In order to achieve a simplified architecture while keeping its symmetry and approximation capability, we learn from the idea of quasi-harmonic approximation [3] method and decompose the virtual potential function $ f $ in (1.6) as
$ \begin{equation} f(x_1, x_2, ..., x_M;\theta) = \sum\limits_{i=1}^{M}g(x_i;\theta) \end{equation} $ |
(1.8) |
where $ g(x) = h_n \circ a_{n-1} \circ ... \circ a_1 \circ h_1(x) $ is the classical DNN function. Applying (1.8) to (1.6), we can obtain the modified DPK architecture as:
$ \begin{equation} {\bf{P}}_{\theta, {\bf {W}}}({\bf {F}}) = {\bf {F}}\sum\limits_{i=1}^{M} \frac{d g}{dx}(|{\bf {F}} \tilde{{\bf {w}}}_i |; \theta)\frac{1}{|{\bf {F}} \tilde{{\bf {w}}}_i |} \tilde{{\bf {w}}}_i\otimes \tilde{{\bf {w}}}_i. \end{equation} $ |
(1.9) |
A further simplification can be achieved once we represent $ \frac{1}{x}g^\prime(x;\theta) = \tilde{g}(x;\tilde{\theta}) $ where $ \tilde{g}(x;\tilde{\theta}) $ is a new DNN function. In this case the simplified DPK can be written as:
$ \begin{equation} {\bf{P}}_{\theta, {\bf {W}}}({\bf {F}}) = {\bf {F}}\sum\limits_{i=1}^{M} \tilde{g}(|{\bf {F}} \tilde{{\bf {w}}}_i |; \tilde{\theta}) \tilde{{\bf {w}}}_i\otimes \tilde{{\bf {w}}}_i. \end{equation} $ |
(1.10) |
We numerically illustrate the effectiveness and transferability of (1.10).
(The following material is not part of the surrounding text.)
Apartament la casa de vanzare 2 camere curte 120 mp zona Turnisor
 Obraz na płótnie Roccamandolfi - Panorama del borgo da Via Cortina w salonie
Additionally, with some classical tools in learning theory such as fat-shattering dimension, we prove that the estimation error (generalization error) of (1.10) can be arbitrarily small with sufficient large number of training samples:
Theorem 1.4 (Learnability of simplified DPK) Let $ \mathcal{A} = \{{\bf{P}}_{\theta, {\bf {W}}}\} $ be the class of DPK functions defined by (1.10) satisfying that $ \tilde{g}(x;\tilde{\theta}) $ has $ l\geq 2 $ layers, $ N_w $ weights (bounded by $ V $), Lipschitz continuous activation function with Lipschitz coefficient $ L > 1/V $ and each unit maps into $ [-b, b] $ for some $ b>0 $. Given the training samples $ S_m = \{({\bf {F}}^1, {\bf{P}}^1), ..., ({\bf {F}}^m, {\bf{P}}^m)\} $ according to independent identical distribution $ D $ on $ [-1, 1]^{3\times3} \times [-1, 1]^{3\times3} $ and loss function
$ \begin{equation} l(f({\bf {X}}), {\bf {Y}}) = \frac{1}{9}\sum\limits_{i, j}l_0(f_{ij}({\bf {X}}), {\bf {Y}}_{ij}), \text{ for } f \in \mathcal{A}, \end{equation} $ |
(1.11) |
where $ l_0(x, y) = |x-y| $, then for any approximate sample error minimization (SME, [4]) algorithm $ \mathbb{M} $ and $ \epsilon \leq 2max\{b, V, \sqrt{3V} \}, \delta >0 $, there exits some $ m_0(\epsilon, \delta, \mathcal{A}) < \infty $ such that $ \forall m>m_0 $, with probability at least $ 1-\delta $, $ \mathbb{M} $ returns a function $ P^* \in \mathcal{A} $ satisfying
$ \begin{equation} E_{(x, y)\sim D}[l(P^*(x), y)] < \inf\limits_{f \in \mathcal{A}}E_{(x, y)\sim D}[l(f(x), y)] + \epsilon. \end{equation} $ |
(1.12) |
Remark 2 In practice, the conditions of $ \tilde{g} $ are indeed satisfied since we will use the ReLU as activation function and bound the network weights by using an $ l_1 $ regularization.
The detailed proof of the theorems mentioned above and the numerical results can be found in [5].